# Advanced pipe cleaning methods?



## ForestDave (10 Mar 2021)

I've been contemplating easier pipe cleaning methods as I've plumbed in a lot of solvent weld pvc pipe. One option is a soggy pompom pushed through by an air compressor. Another thought was to pull out my filter media temporarily and run the filter, (FX6), with some warm water and bicarbonate of soda whilst diverting the inlet and outlet pipes into a bucket.
Has anyone else tried any adventurous pipe cleaning methods?


----------



## Dogtemple (10 Mar 2021)

A long pipe cleaner attached to a drill?   I haven’t tried it, but I would


----------



## dcurzon (10 Mar 2021)

Flexible drain cleaning rod with the pom pom?


----------



## Zeus. (10 Mar 2021)

Double Ended Water Filter Pump Pipe Cleaning Brush Aquarium Fish Tank





Elbow grease and time, may take longest but the most thorough IMO


----------



## ForestDave (10 Mar 2021)

Fair enough. What's the standard recommended practice for cleaning the pipes, once per month?
Cheers


----------



## Ed Wiser (10 Mar 2021)

I worked in a tile factory and we used a pipe pig under pressure to clean the tile glaze fro the pipes that ran to the tile glazing booths. 

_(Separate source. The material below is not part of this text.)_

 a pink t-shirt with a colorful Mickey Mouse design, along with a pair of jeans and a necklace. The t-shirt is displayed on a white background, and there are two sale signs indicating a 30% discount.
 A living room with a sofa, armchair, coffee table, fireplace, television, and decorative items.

						Girard Industries - Our Products
					

Pipeline pigging and cleaning products by Girard include Polly-Pig polyurethane foam pigs, steel mandrel pigs with replaceable cups, discs and brushes; Turbo Series pipeline pigs; inflatable spheres; Hi-T Pigalerts pig and scraper passage detectors; Argus pig valves for launching and receiving...




					girardindustries.com
				




Having tried all the brands of spring brushes. The only ones that actually work well are the ADA brushes. They are cut to the exact size of Lilly pipes and the spring coil is really flexible. All the others just cause you to push hard and they get stuck easy.


----------



## ForestDave (12 Mar 2021)

They look great @Ed Wiser . Love the fact you have pig trackers! They'd need to cope with different diameter pipe with my system but that's definitely the kind of thing I was thinking about, just soft fluffy pigs! 😄


----------



## Hanuman (12 Mar 2021)

I came across a post recently on facebook of a guy cleaning his lily pipes without disconnecting them with filter floss + neodymium magnets. I guess that could be extended to some other sections of the tubing network.

Wrap the magnet with filter floss and throw that in the pipe through the outflow. Now take another magnet and start cleaning. Obviously you would then need to flush out all the dirty water in a bucket but this has the advantage of not needing to disconnect everything. I haven't tried this myself as my pipes are still rather clean but I am planning to.


----------